Pandas Exploratory Data Analysis
Data analysis is the process of inspecting, cleansing, transforming, and modelling data with the goal of discovering useful information and informing conclusions to support decision-making. This involves applying inferential statistical analyses and creating visualizations in order to interpret the results and summarize the main characteristics of the data. The typical information and conclusions extracted from the data include interactions, patterns, and anomalies. These notes rely on the ideas and learnings from the respective package documentations, "Python For Data Analysis: Data Wrangling With Pandas, NumPy, And Jupyter", 3rd Edition, by Wes McKinney (creator and developer of Pandas) in 2022, and "Python Data Science Handbook: Essential Tools For Working With Data", 2nd Edition, by Jake VanderPlas in 2022.

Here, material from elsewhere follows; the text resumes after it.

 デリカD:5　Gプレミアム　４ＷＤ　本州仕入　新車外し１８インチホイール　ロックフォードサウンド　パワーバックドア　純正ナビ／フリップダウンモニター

When using Python for data analysis and data science, the most common packages and libraries include NumPy as the numeric library founding all of the calculations; Pandas as the cornerstone of data manipulation; Matplotlib, Seaborn, and Plotly for intricate visualizations; Statsmodels for advanced statistical functions; SciPy for advanced scientific computing; and Scikit-Learn for as a toolkit for machine learning; and TensorFlow and PyTorch for artificial intelligence applications. For convenience, Anaconda can be used for a distribution of Python with pre-installed packages which focus on data analysis and data science. In many cases, the vast and open network of packages and libraries available for Python can be leveraged depending on the requirements of projects. It should be kept in mind that the use of Python diverges from traditional tools used for data analysis which are primarily visual through point-and-click interfaces, such as Microsoft Excel and Tableau, and become difficult to use when processing very large sets of data.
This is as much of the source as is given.